_GIVEN MATERIAL:_

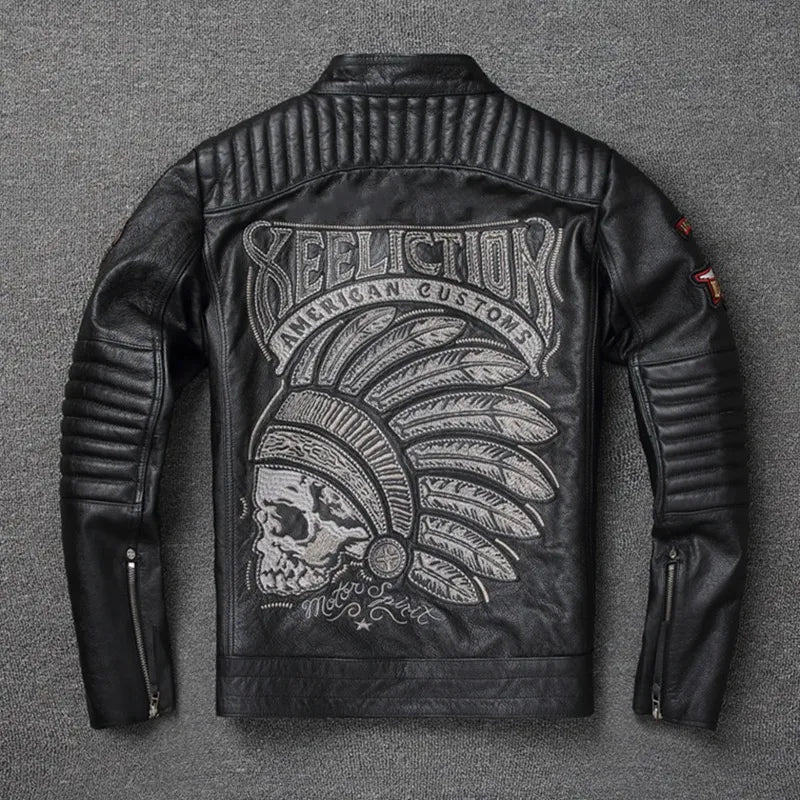 "Shadow Rider" - Genuine Cowhide Leather Motorcycle Jacket (Black XS) - Jacket | Zavonix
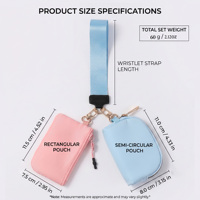 Dompet Koin Unisex Bahan Nylon Anti Air dengan Ritsleting, Tempat Kartu, Kantong Mini, Tempat AirPods, Gantungan Kunci, Cocok untuk Perjalanan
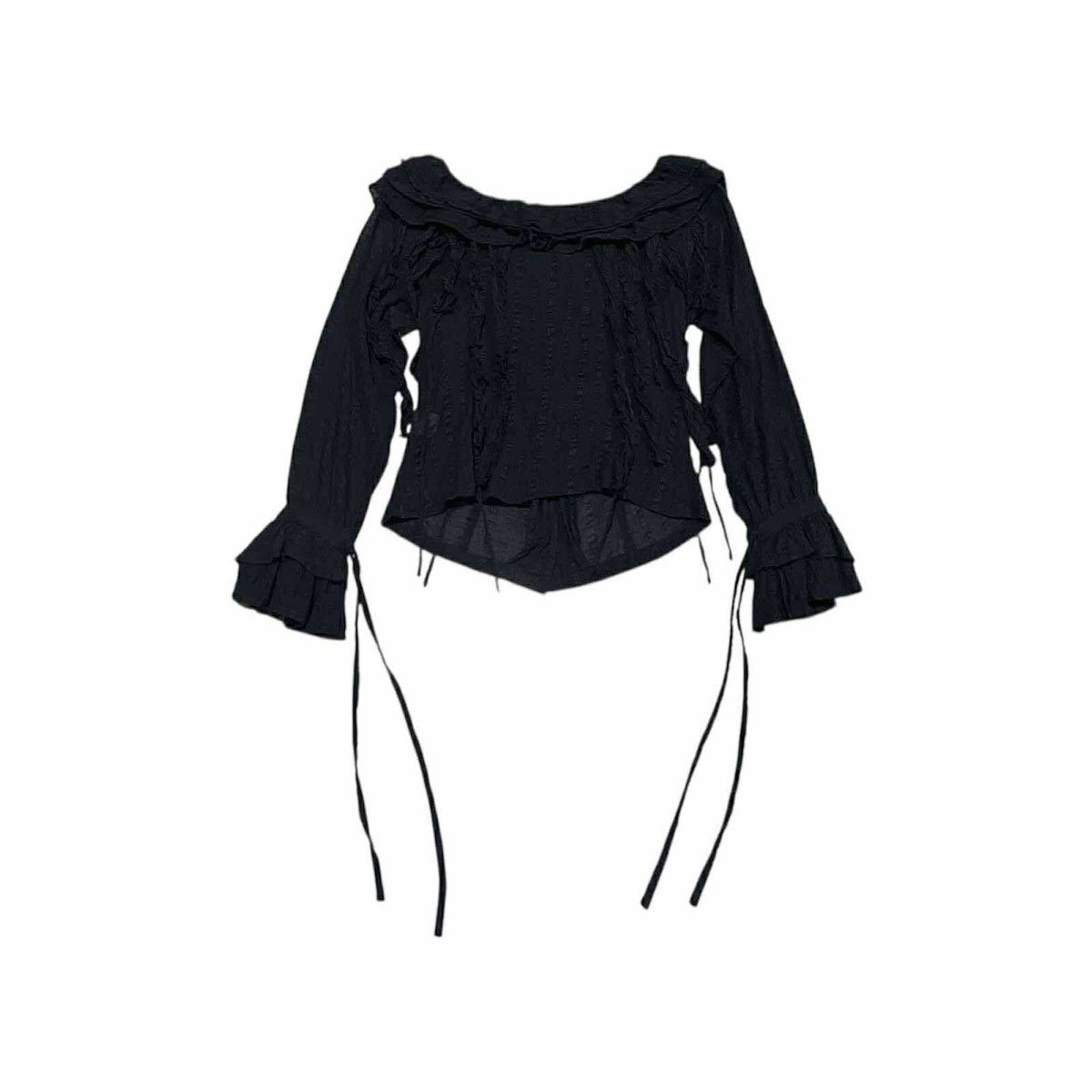 Japanese Brand 🔥Rare Goth Y2K Chiyuki Ruffled Bondage Blouse See Through Size S / US 4 / IT 40 - 11 Thumbnail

_WHAT NEEDS TO BE DONE:_
Begin at the line that contains "Dompet Koin Unisex" and transcribe every line through the end of the listing, exactly as written. Omit the pictures.

_RESULT OF THE TASK:_
 Dompet Koin Unisex Bahan Nylon Anti Air dengan Ritsleting, Tempat Kartu, Kantong Mini, Tempat AirPods, Gantungan Kunci, Cocok untuk Perjalanan
 Japanese Brand 🔥Rare Goth Y2K Chiyuki Ruffled Bondage Blouse See Through Size S / US 4 / IT 40 - 11 Thumbnail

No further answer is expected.